**Work required:** What is needed is an exact repeat of the entries, with no pictures in it.

(Image-text web data)
Start of Block
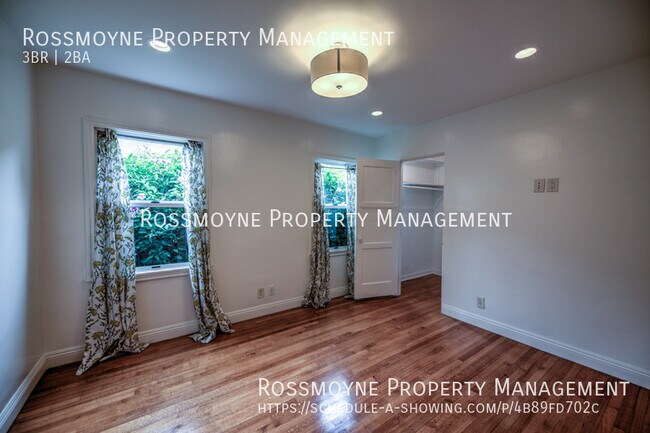 Building Photo - 10856 Wellworth Ave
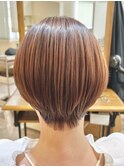 ショートヘア×フレッシュオレンジカラー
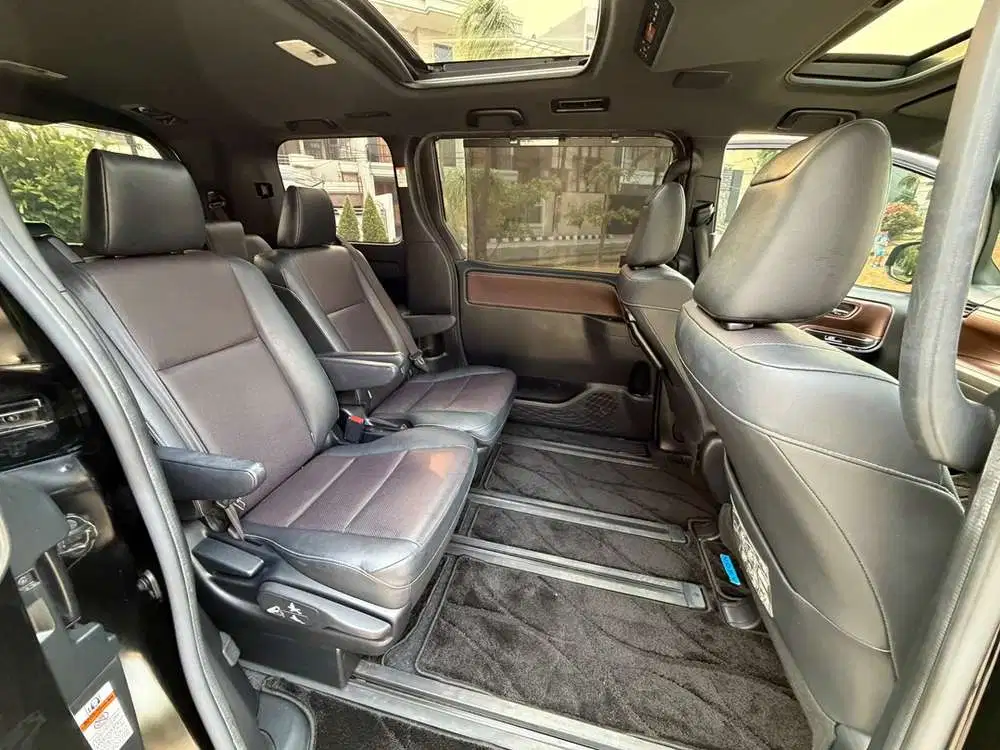 Toyota Voxy 2018 Bensin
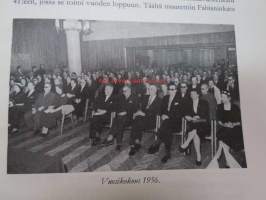 Sotasokeat 15 vuotta, sisältää mm. Paavo Rintalan ja Veikko huovisen kertomukset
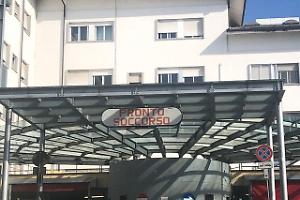 Nole Canavese, lite tra conviventi: donna si punta una pistola alla testa e si spara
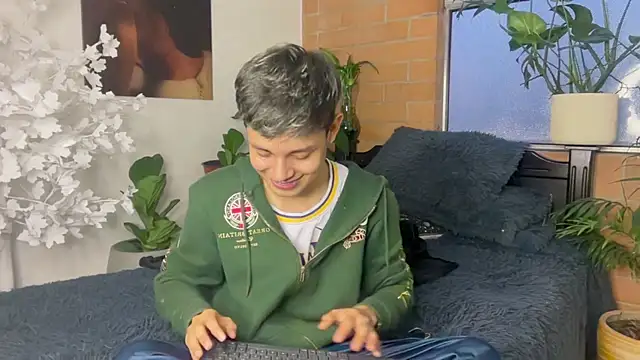 Andy_Belier23 웹캠 쇼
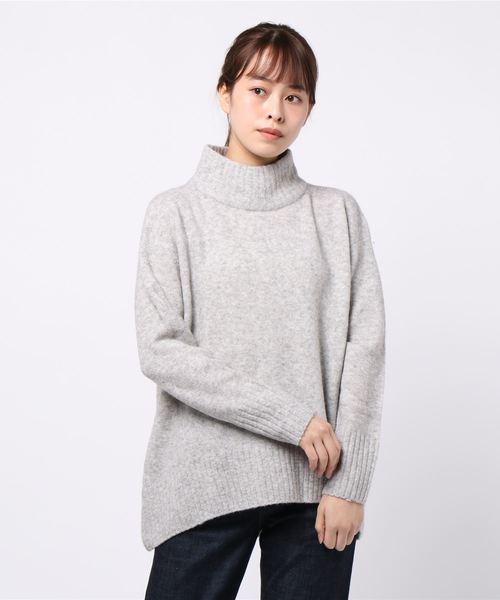 12Twelve Agenda(トゥエルブ アジェンダ)の「ハイネック後ろスリットゆるニットプルオーバー(ニット/セーター・レディース・ブラウン/オフホワイト/ラベンダー/ライトグレー・M)」の1枚目の写真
End of Block
**Result of this exercise:**
 Building Photo - 10856 Wellworth Ave
 ショートヘア×フレッシュオレンジカラー
 Toyota Voxy 2018 Bensin
 Sotasokeat 15 vuotta, sisältää mm. Paavo Rintalan ja Veikko huovisen kertomukset
 Nole Canavese, lite tra conviventi: donna si punta una pistola alla testa e si spara
 Andy_Belier23 웹캠 쇼
 12Twelve Agenda(トゥエルブ アジェンダ)の「ハイネック後ろスリットゆるニットプルオーバー(ニット/セーター・レディース・ブラウン/オフホワイト/ラベンダー/ライトグレー・M)」の1枚目の写真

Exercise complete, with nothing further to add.